The same goes for boring, boilerplate, post-heat interviews.

biolos 1

Rosy is sweet, cute as a button, and absolutely rips in her own right, but I’m always waiting for her to really challenge someone on front of that plexiglass logo screen.

Is there some puritan censorship mandate behind the sandy curtain, strong-arming the announcers to tip-toe and tap dance around the egos and emotions of the surfers and their entourages?

There’s much more drama than what’s being said.

For example: In regards to the recent Big Wave Tour event, at Jaws, I’ve heard first-hand accounts of two-wave hold downs, surfers pinned face first to the reef, 30′ underwater, with their floatation vests fully deployed! Guys surfacing, coughing up blood and foaming at the mouth.

That’s Drama! No wonder they called off the event. For the life of me, I did not hear anything like that on the web cast.

Why not?

Meanwhile, The WSL is getting pop shots taken at them for putting the event on hold, because we don’t know the real story.

More risk and more edge with the coverage, with higher level, more intricate and critical summations of the surfing would go a long way. Same goes for more candid, gritty interviews. Less sugar. More spice.

Strider tries to rock the boat, but in general there’s an overbearing, Disney-esque, squeaky clean, white wash over the entire show. Like spit-shining a used car, or wrapping a package up to sell it off.

Surfing is a way of life that thrives on the outskirts of society. By its own nature, surfing forces you to sit with your back turned on the vanilla-fied world, for hours. Ignoring everything, for a few momentary thrills.

Outside of wave pools, it may be the most competitive endeavor left in the modern world. It’s surly, the only activity where one needs to compete, just to participate! The last bastion of Survival of the Fittest.

The sport of surfing should reflect that as well.

It’s a private party that requires years to earn an invite, to understand and appreciate. Coating it in saccharine in order to grow a latent audience is a recipe for losing your Core base.

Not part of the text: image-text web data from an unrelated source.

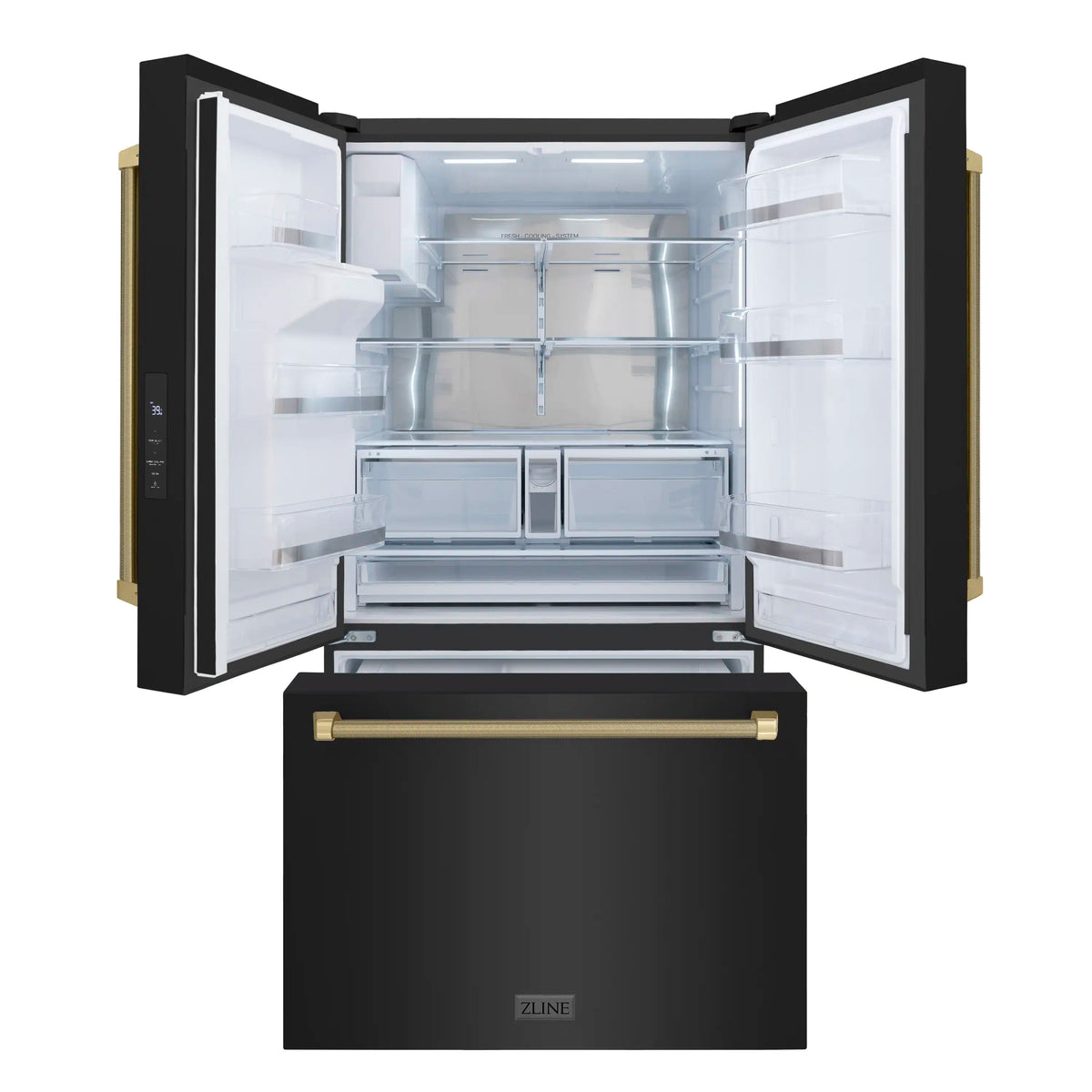 Refrigerator doors open with shelves and drawers, black exterior and bronze handle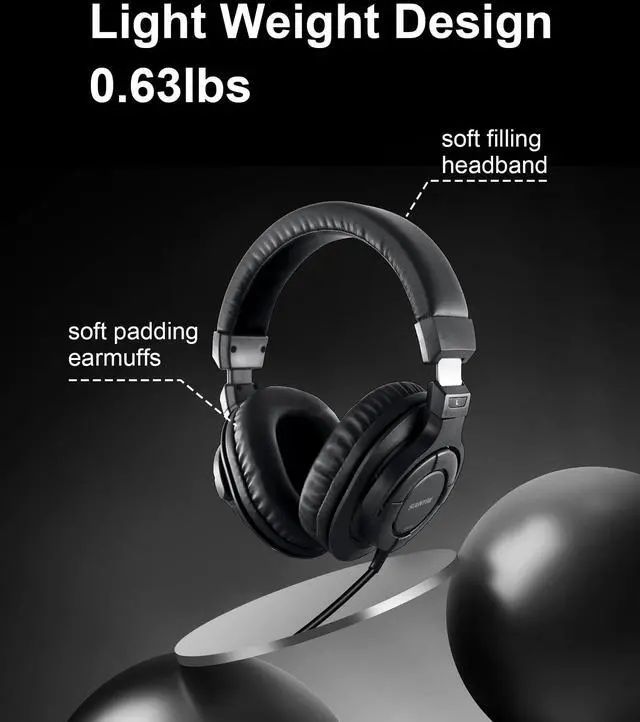 Alt view image 6 of 7 - Over Ear Wired Headphones MR810, Studio Monitor Headset with Closed Back Design Flexibale Professional Stereo Headphone with 3m Cable for Studio Monitering, Recording, Podcasting (Black)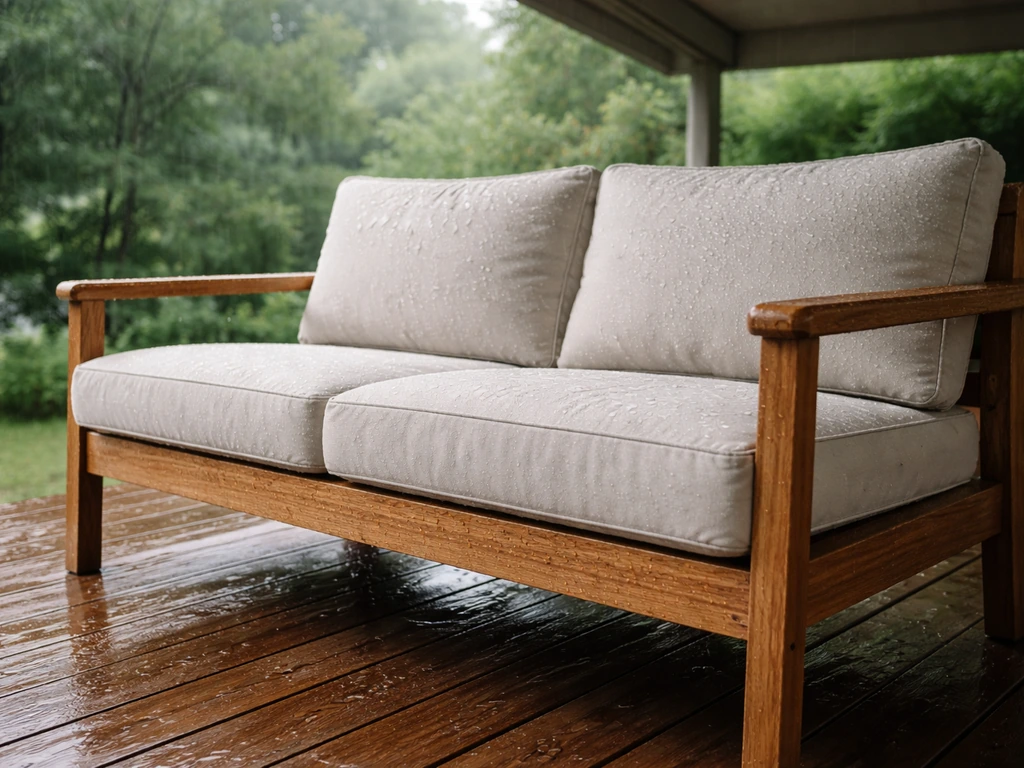 Teak outdoor bench under a shaded patio awning with wet raindrops beading on the wood and cushions.
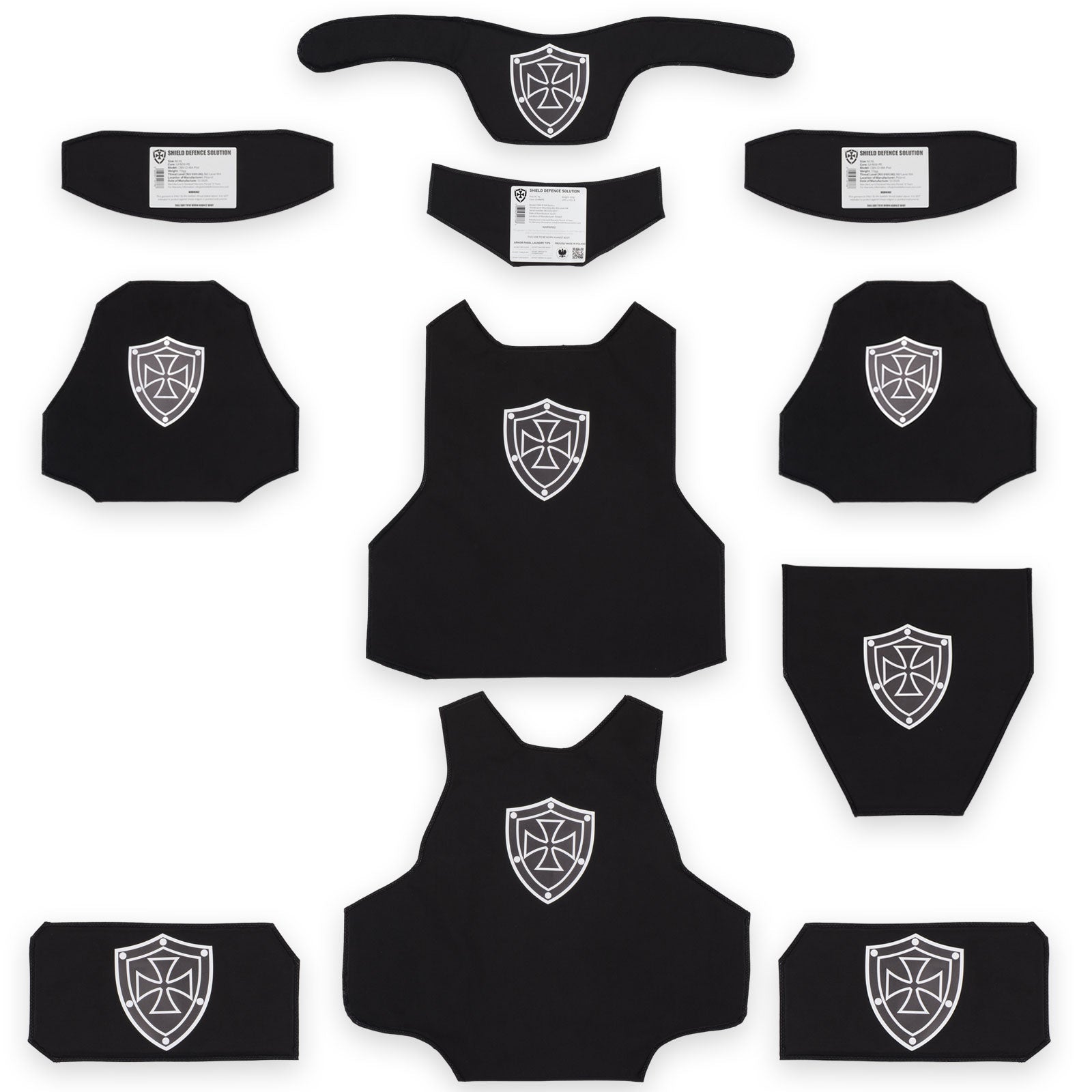 Full set of Soft Ballistic Inserts for Templars Gear CIBV1 Cataphract - Shield Defence Solution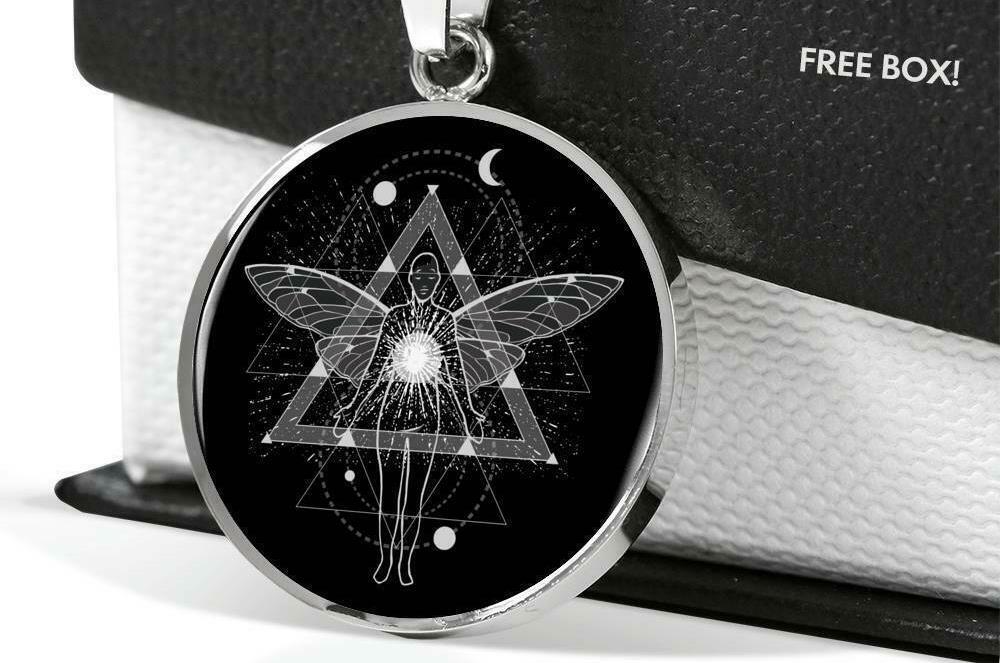 FAIRY STAR BUTTERFLY charm WING GALAXY pendant Sterling 925 Silver 22″ necklace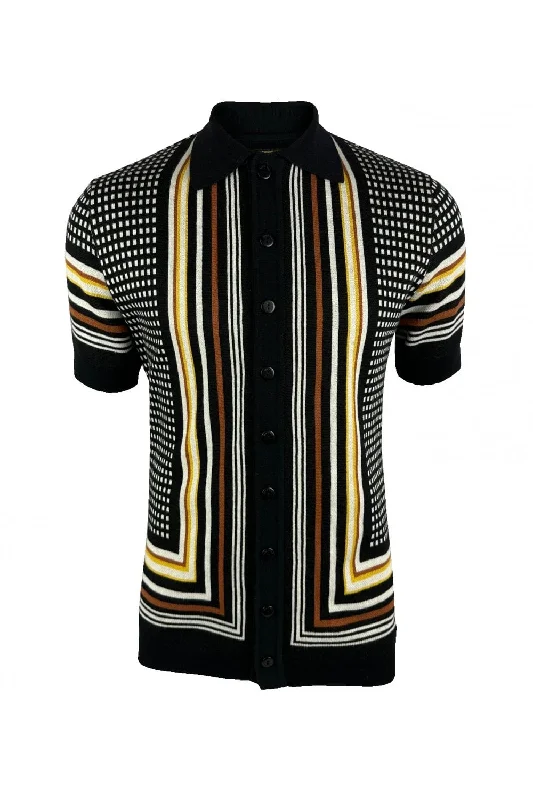 Savings Event Ska & Soul Men's SS2528 SS Jacquard Fine Gauge Cardi Black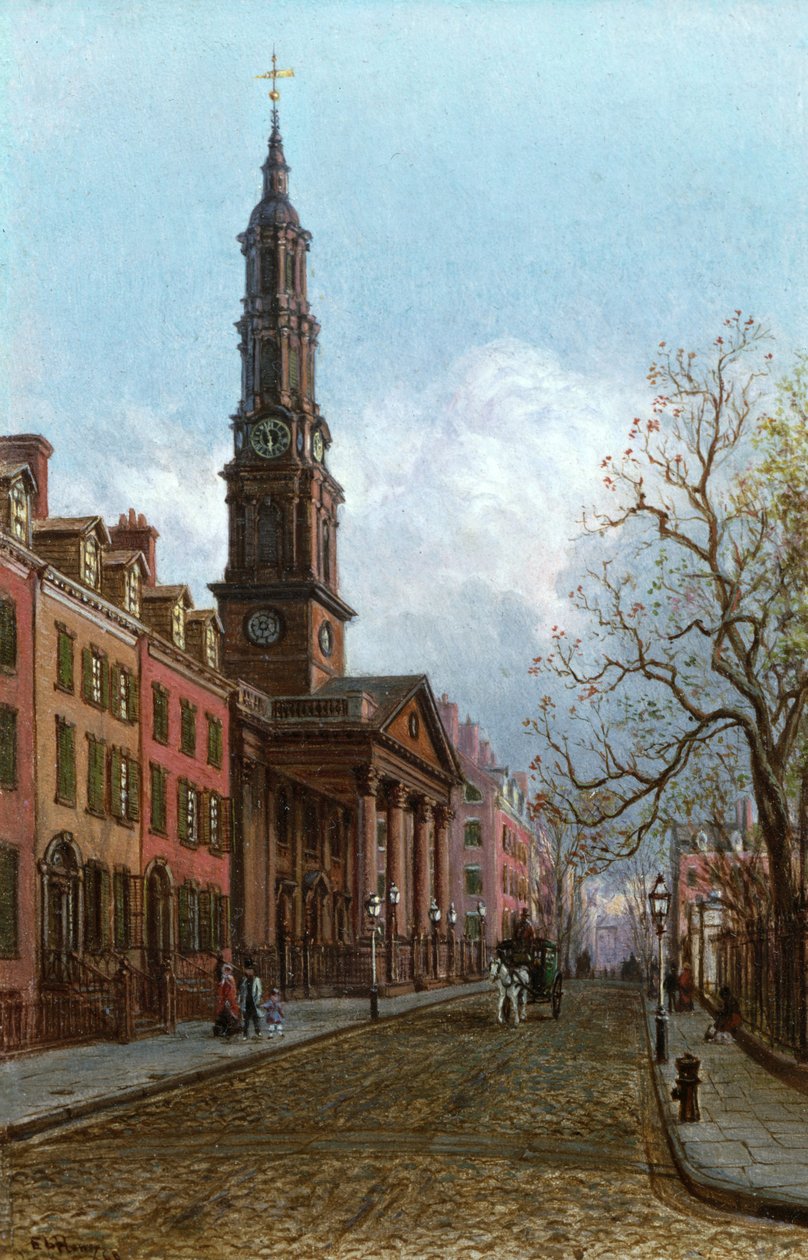Kościół św. Jana, Varick Street, Nowy Jork, 1914 (olej na desce akrylowej) autorstwa Edward Lamson Henry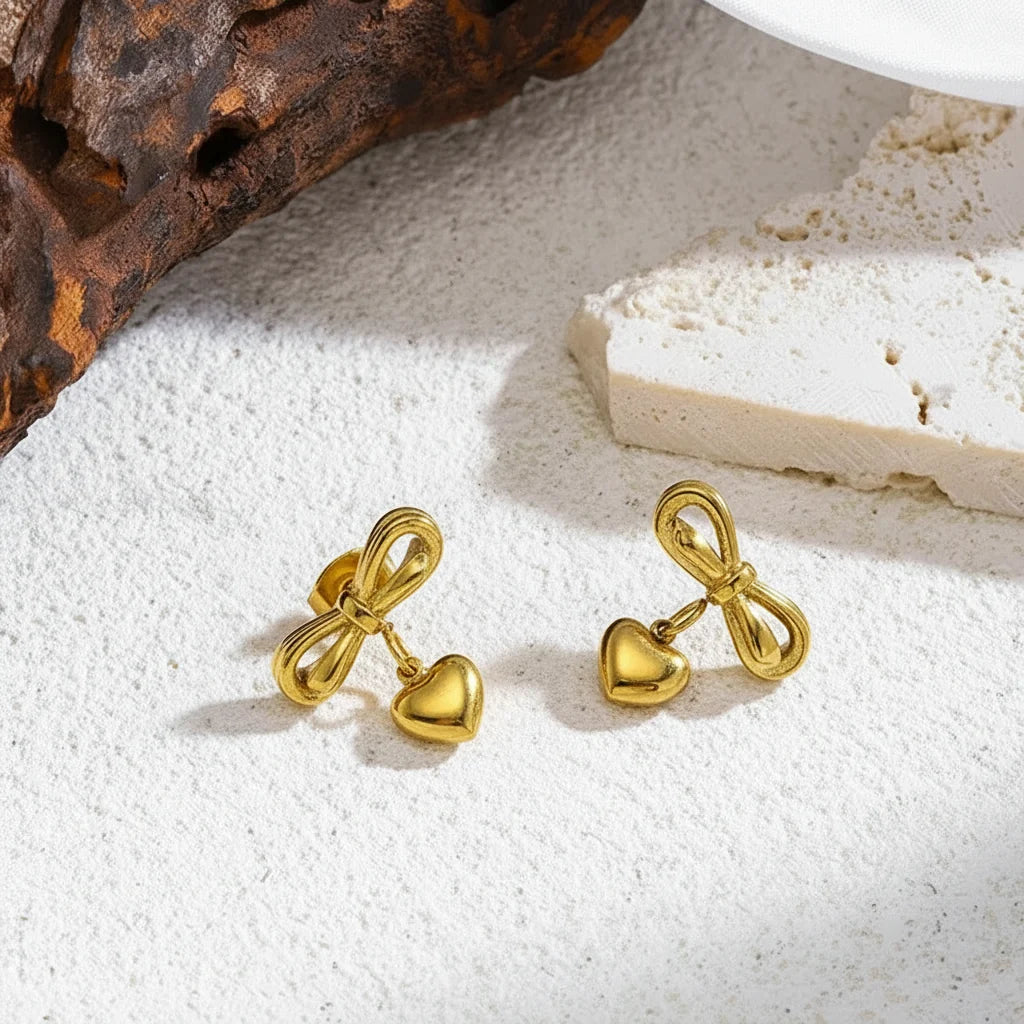 Blythe Bow & Heart Drop Earrings | Waterproof 18k Gold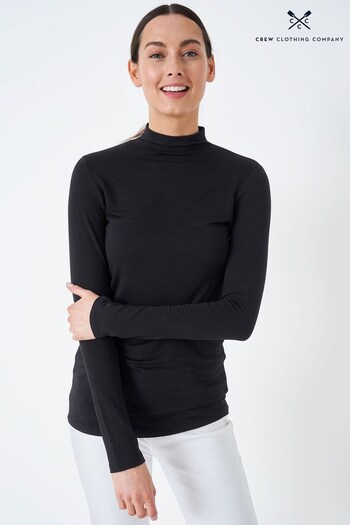 Crew Clothing Company Black Second Skin Polo Neck T-Shirt (A85419) | £25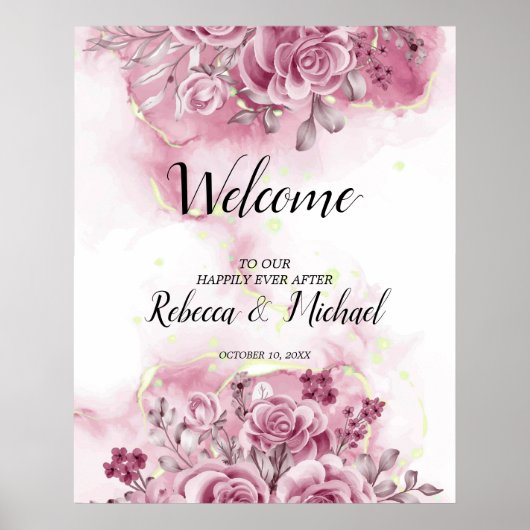 waterverf floral Wedding Welcome Poster (Voorkant)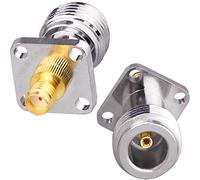 TUOLNK 2 pièces N Femelle à SMA Femelle Montage sur Panneau 4 Trous 17,5 mm N à SMA connecteur coaxial Type de châssis pour antennes RF/radios WiFi Adaptateur coaxial RF Panneau à Bride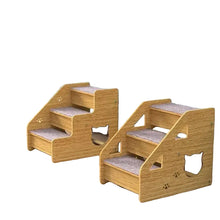 Two wooden three-step cat stairs with carpeted treads, paw-print details and cat-shaped side cutouts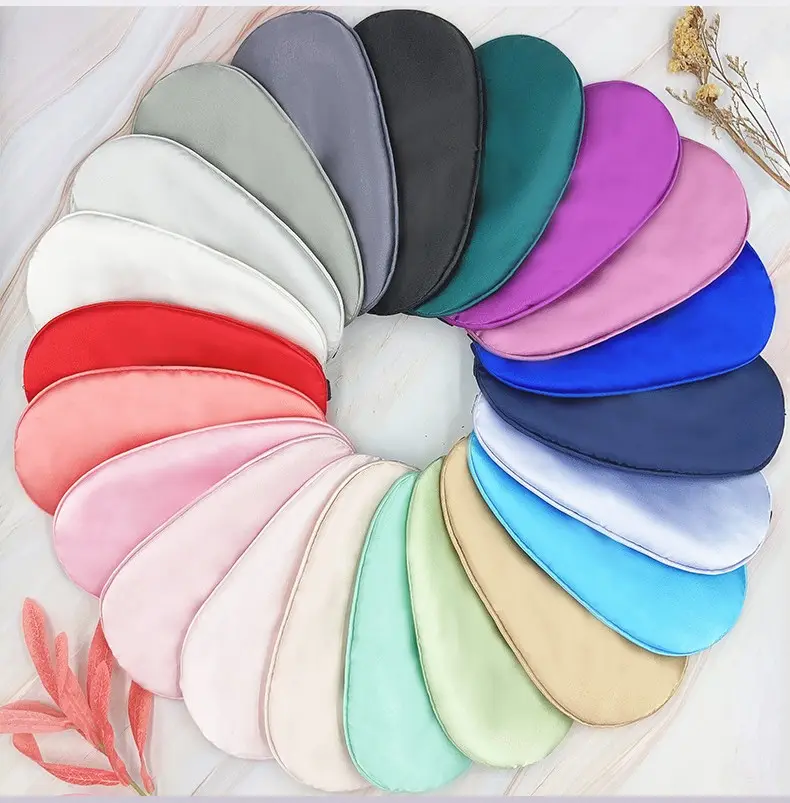 Customized Soft Satin Blindfold Elastic Strap Night Eyeshade Imitate Silk Eyes Cover Satin Silk Eye Sleep Mask For Travel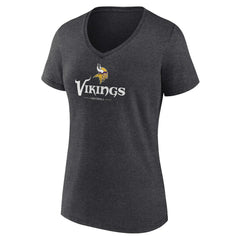 Minnesota Vikings Women's Logo Team Lockup V-Neck T-Shirt - Charcoal on sale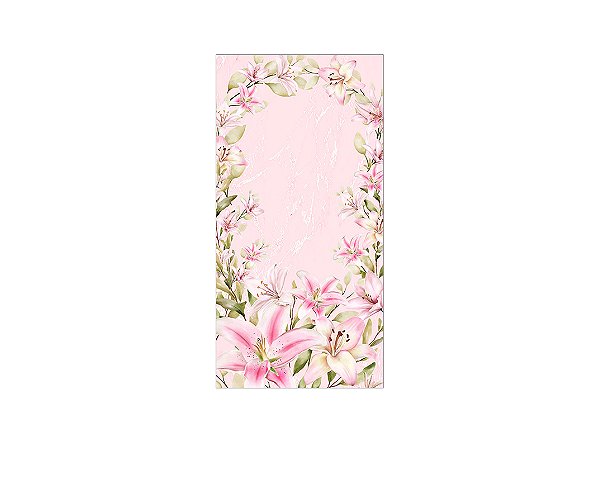 Painel De Festa Vertical 1,00 x 2,00 - Flores Lírios Rosas 132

We learned this in the apparel industry.

There’s also one defining caveat that the WSL should take into consideration when looking to open the party to the masses: Beyond Surfing, there is no significant precedence of any “judged” sport becoming consistently followed on a global scale. In fact, I’d submit the case that the WSL is already the world’s most popular professional sport where winners and losers are decided by the subjective opinion of Judges. Historically, judges deciding winners has always been an achilles heel to any sport hoping for consistent, mainstream success.

There’s many reasons, of course, the worst of which is rigged results (which I don’t feel there’s ever been a problem with, in surfing). Let’s look at them:

Skateboarding: Even with a very young median age and a short number of years most participants remain engaged, as an activity and lifestyle, it surely outnumbers surfing, maybe 10x over.

Unfortunately, as a competitive sport, there’s far less organization, and such a quick turn over of competitive talent, it’s rarely built an ongoing tour or momentum. Coupled with the fact that there’s so many niche genre’s and sub-skills—vert ramps, street, street course, bowls and pools, you name it—with different stars in each field, choosing a “World Champion Skateboarder” is a pipe dream.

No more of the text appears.